What is expected: Starting with the line that holds "Family Vega 3* Святые Константин и Елена", repeat each line through the last one below, exactly. Pictures stay out.

Collected data entries:
╭──

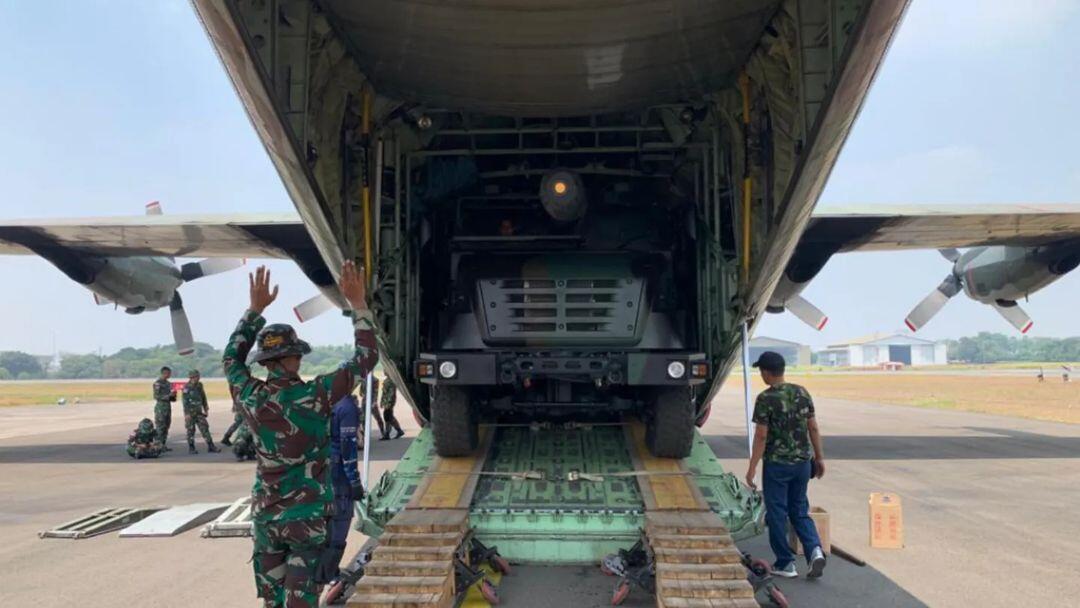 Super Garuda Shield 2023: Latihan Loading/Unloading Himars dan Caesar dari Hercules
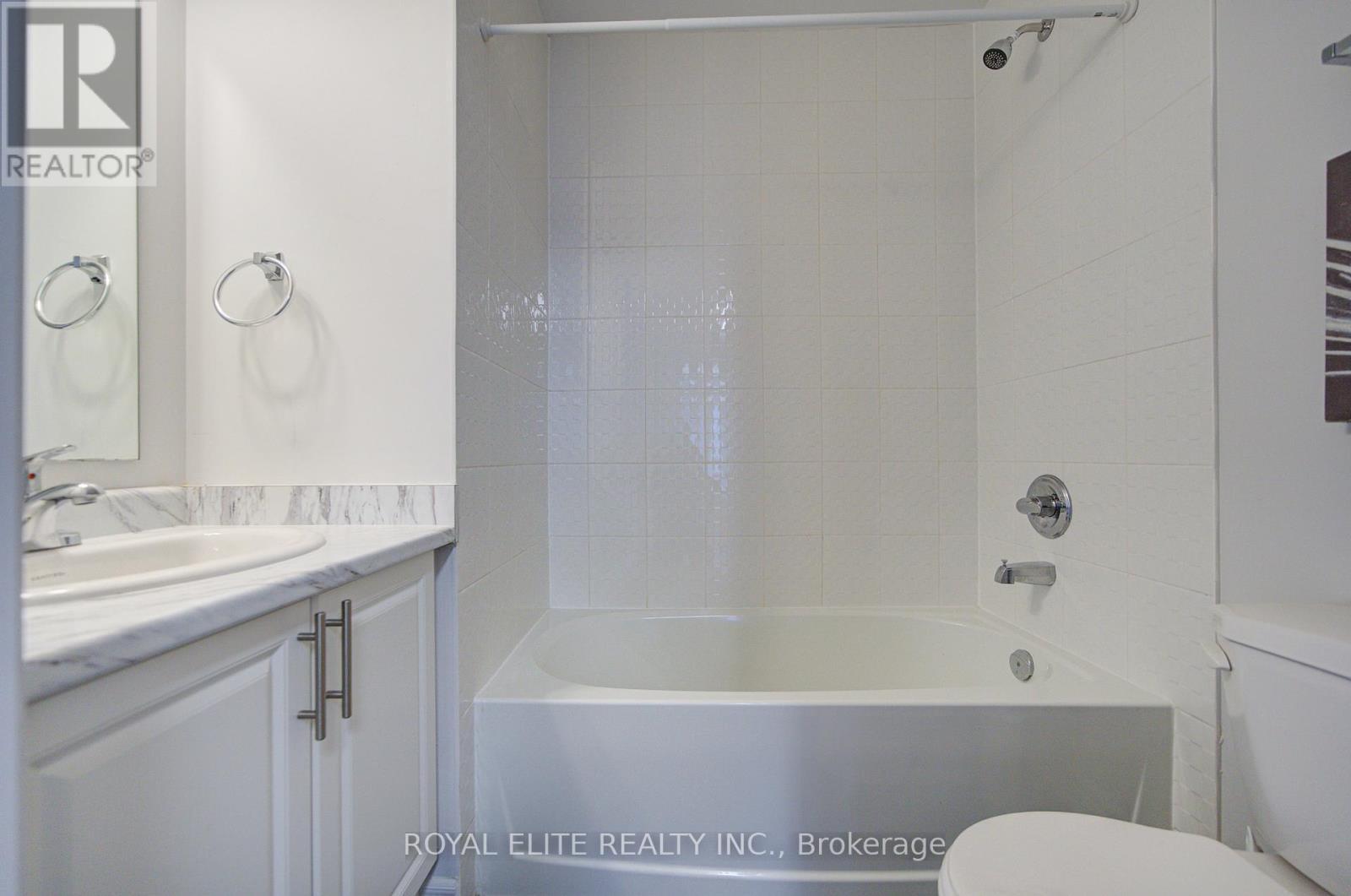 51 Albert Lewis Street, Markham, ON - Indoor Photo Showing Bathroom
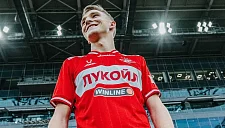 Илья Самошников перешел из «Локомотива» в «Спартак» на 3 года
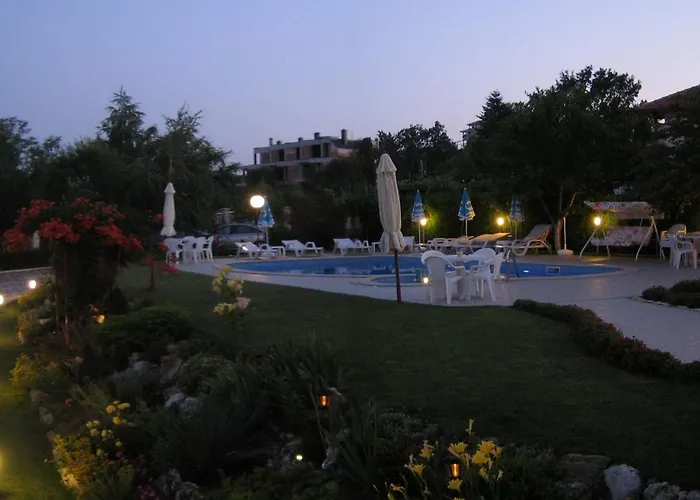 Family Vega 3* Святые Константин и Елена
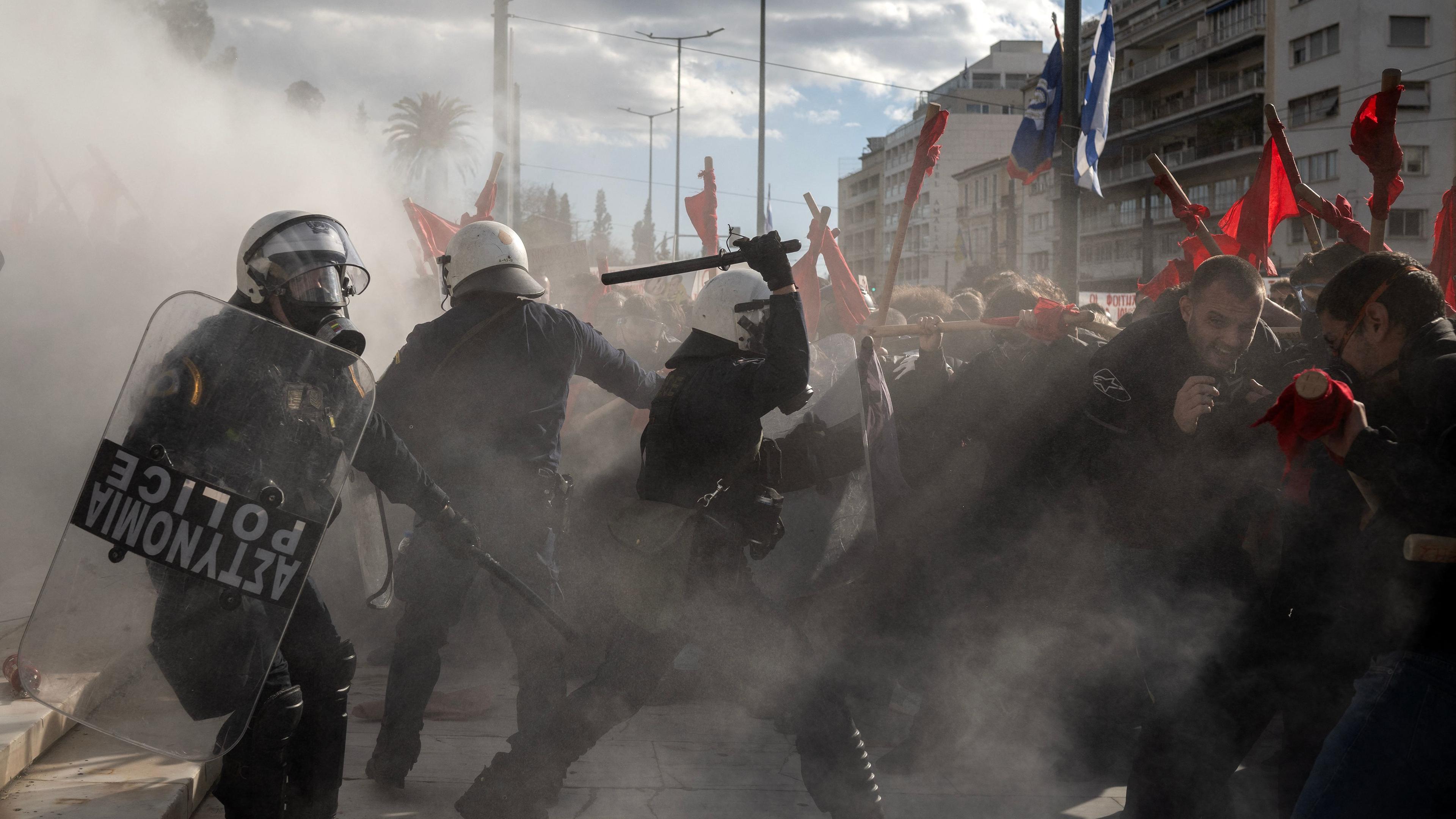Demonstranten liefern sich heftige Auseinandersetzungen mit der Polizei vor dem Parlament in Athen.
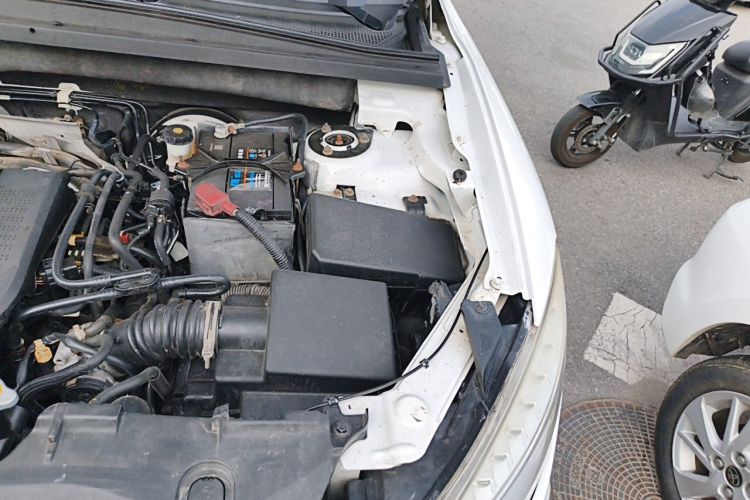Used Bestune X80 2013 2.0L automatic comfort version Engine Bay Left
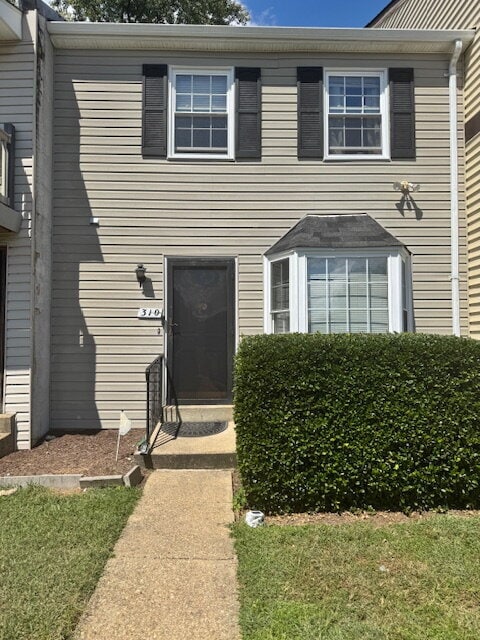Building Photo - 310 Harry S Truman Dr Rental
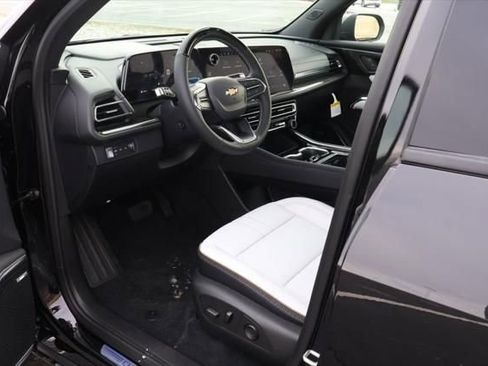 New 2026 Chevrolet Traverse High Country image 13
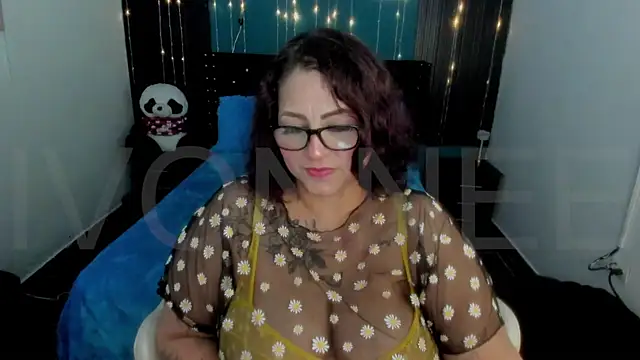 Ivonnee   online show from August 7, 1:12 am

╰──

Exercise result:
 Family Vega 3* Святые Константин и Елена
Demonstranten liefern sich heftige Auseinandersetzungen mit der Polizei vor dem Parlament in Athen.
Used Bestune X80 2013 2.0L automatic comfort version Engine Bay Left
Building Photo - 310 Harry S Truman Dr Rental
 New 2026 Chevrolet Traverse High Country image 13
 Ivonnee   online show from August 7, 1:12 am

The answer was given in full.